- Image-text web data:
==========

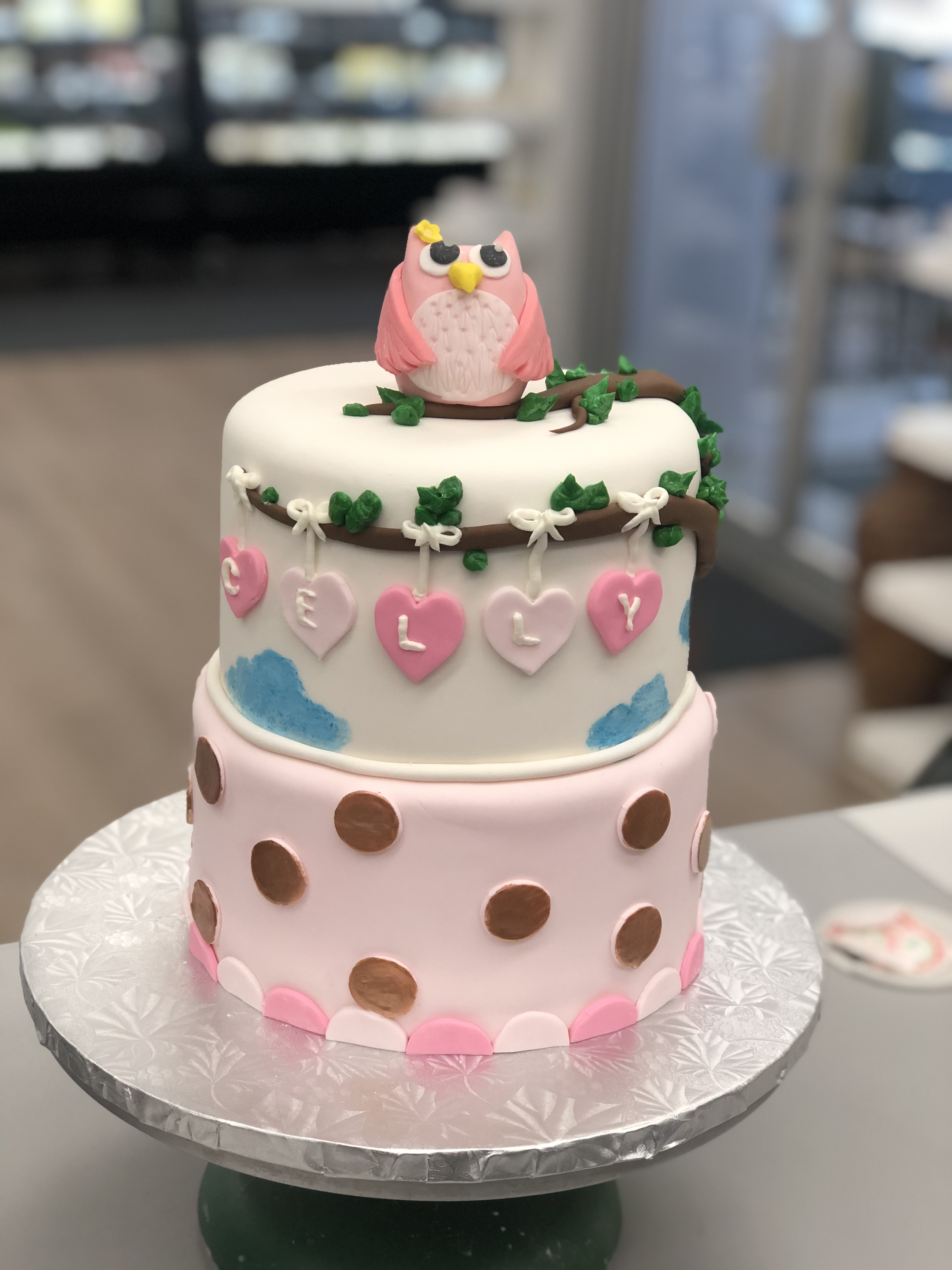 Baby Owl First Birthday Custom cake by Goodies Winnipeg Bakery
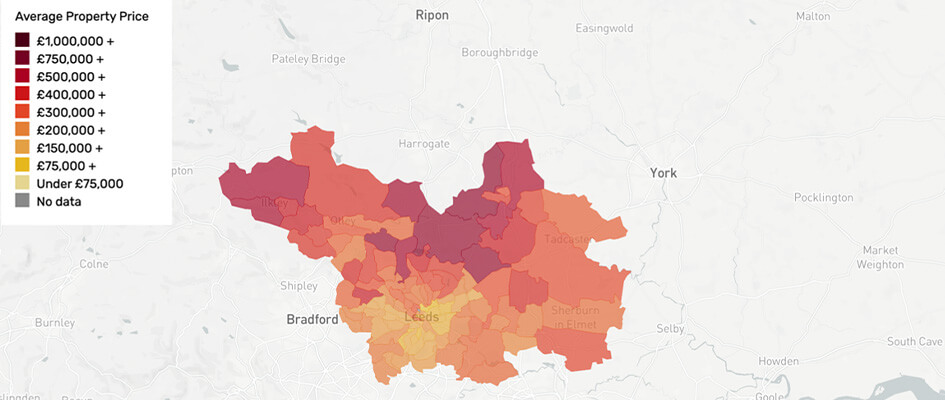 A map of Leeds showing the average property price by area.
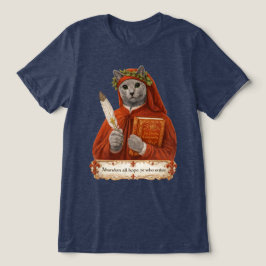ロシアンブルーのダンテ・アリギエーリ猫 トライブレンドTシャツ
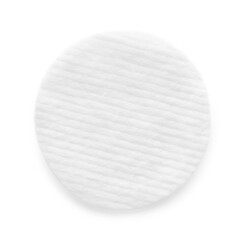 Soft clean cotton pad isolated on white, top view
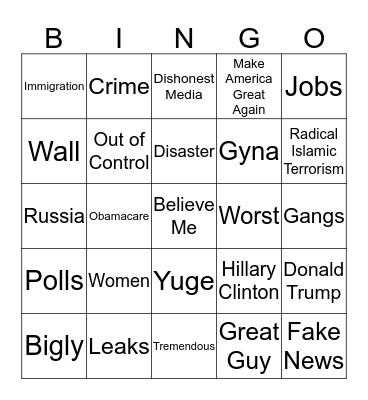 Congressional Address Bingo Card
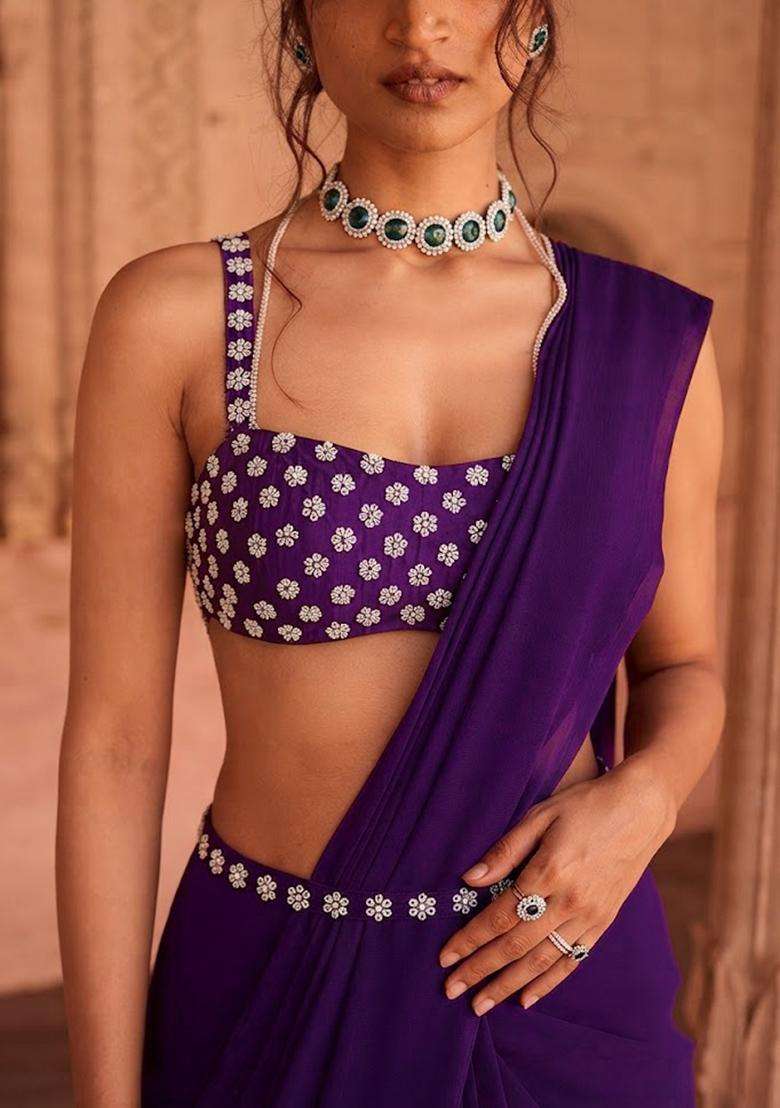 Voilet Handwork Pre Draped Saree Set - Indya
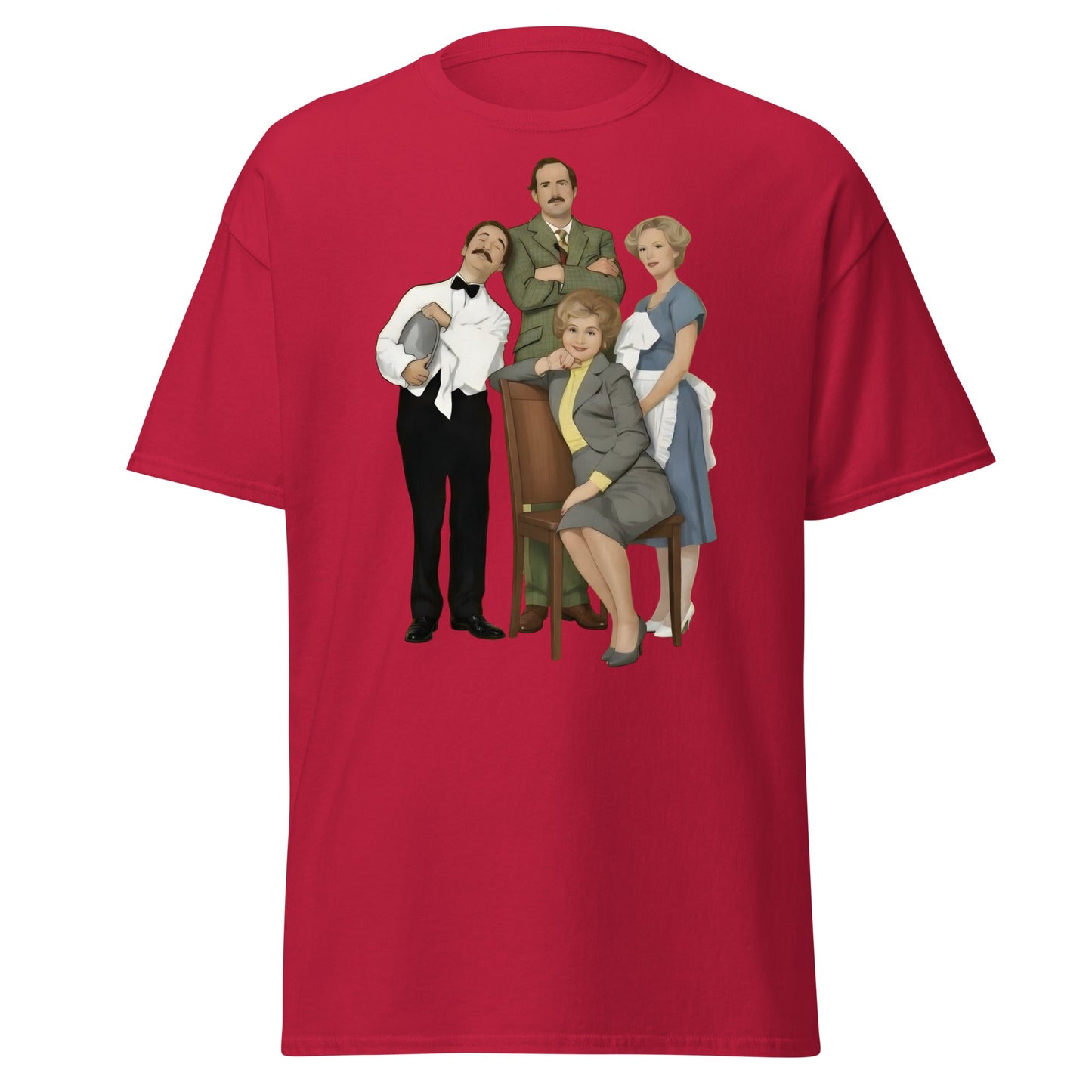 Fawlty Towers Cast Illustration T-Shirt - Retro Comedy Tee - Cardinal - T-Shirts Online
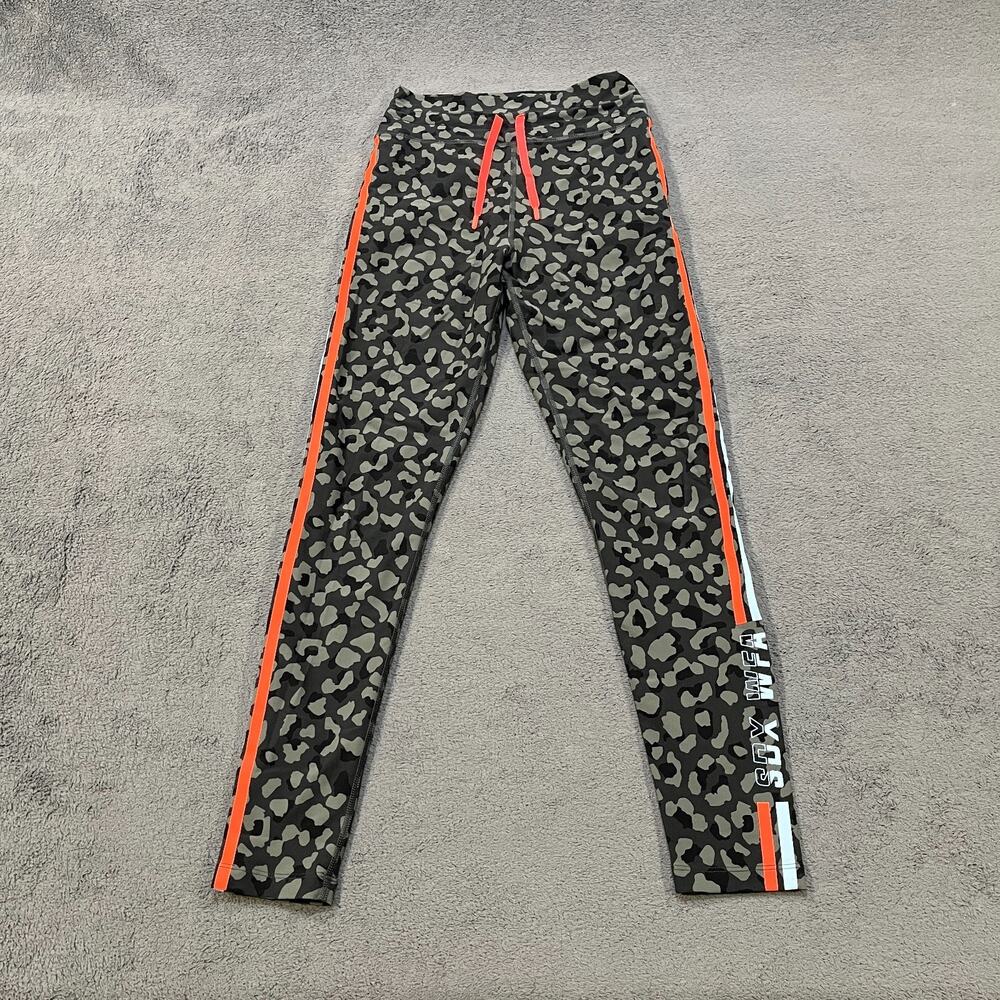 Sarah's Day x White Fox Active Black Gray Racer Leggings Camo Women's Size Small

==========

- What you need to do: Starting at the first line of the records and stopping after the line with "Fawlty Towers Cast", copy each line exactly; pictures stay out.

- Solution below:
 Baby Owl First Birthday Custom cake by Goodies Winnipeg Bakery
 A map of Leeds showing the average property price by area.
ロシアンブルーのダンテ・アリギエーリ猫 トライブレンドTシャツ
 Soft clean cotton pad isolated on white, top view
 Congressional Address Bingo Card
 Voilet Handwork Pre Draped Saree Set - Indya
 Fawlty Towers Cast Illustration T-Shirt - Retro Comedy Tee - Cardinal - T-Shirts Online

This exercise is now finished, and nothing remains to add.